Unpaid internships: Denying opportunities and exploiting young workers

Laura Rowley has an excellent response to the silly op-ed by Steve Cohen published in Tuesday’s Wall Street Journal. Cohen wrote that paying interns to deliver clothing for photo shoots, run copy machines, or clean the green room at a TV studio is dumb. The young people doing those jobs are not employees, according to Cohen; they’re simply auditioning.

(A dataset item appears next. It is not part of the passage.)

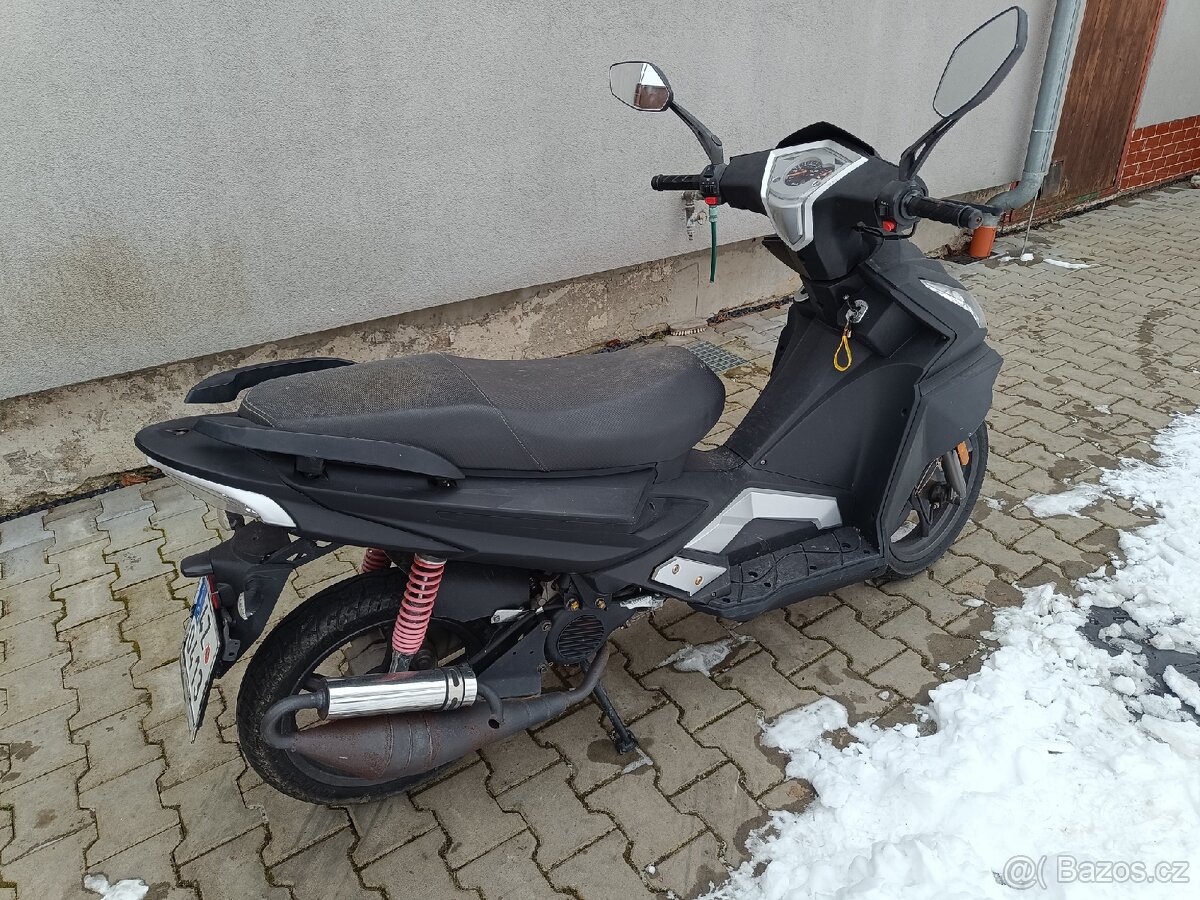 Maxon Ardour 50, dvoutakt - 2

Cohen admits that the grunt work he and his son did in separate internships at a law firm and a magazine was “boring, mindless, repetitious” and yet, “essential to the workings of our offices.” Nevertheless, Cohen says the chance to prove himself a good employee was so valuable to him, as was the exposure to a law office’s operations, that his employer shouldn’t have had to pay him even minimum wage.

Rowley accepts Cohen’s conclusion that his internship was valuable but says the experience shouldn’t be limited to people like Cohen (a former media executive) and his son, who can afford to work for free. What about the kids graduating from college with $50,000 of debt, or the children of factory workers or waitresses who can’t support their grown children in New York City? Should they be denied the audition, the exposure to interesting work environments, the chance to prove themselves? 

My own response is more fundamental. Cohen admits that the work he and his son did was essential to the for-profit businesses that employed them. If the Cohens hadn’t worked for free, someone else (in an economy with terribly high unemployment) would have had the opportunity for a paying job, and the competitors of those firms would not have been at a disadvantage because of the illegal labor cost savings and payroll tax savings the Cohens’ free labor enabled.

Addressing the possibility that unpaid “interns are really doing the jobs of displaced low-wage workers,” Cohen admits that in the case of the recently settled Charlie Rose lawsuit, “Unskilled workers could clean up a TV-studio green room or escort guests to the elevator or assemble press packets.” What he doesn’t mention is that half the jobs in New York that New Yorkers are paid to do are unskilled, and the unemployment rate in New York City has exceeded 8 percent for the last five years.

Cohen goes on and on about how much he learned by copying litigation documents on the office copy machine. I did that job before I went to law school 35 years ago, and I learned a lot, too; but I was paid for the work, as were the other clerks. It was an audition for later employment, but first and foremost it was a job, and the law firm followed the Fair Labor Standards Act and paid us for our work.

It might be true, as Cohen predicts, that enforcing the law will mean that companies “will now be less likely to bring on interns.” Good! They will have to bring on employees and pay them to do the essential work that interns have been doing, unpaid. Everyone but the partner at the top, who will have to shell out $7.25 an hour and some employment taxes, will be better off.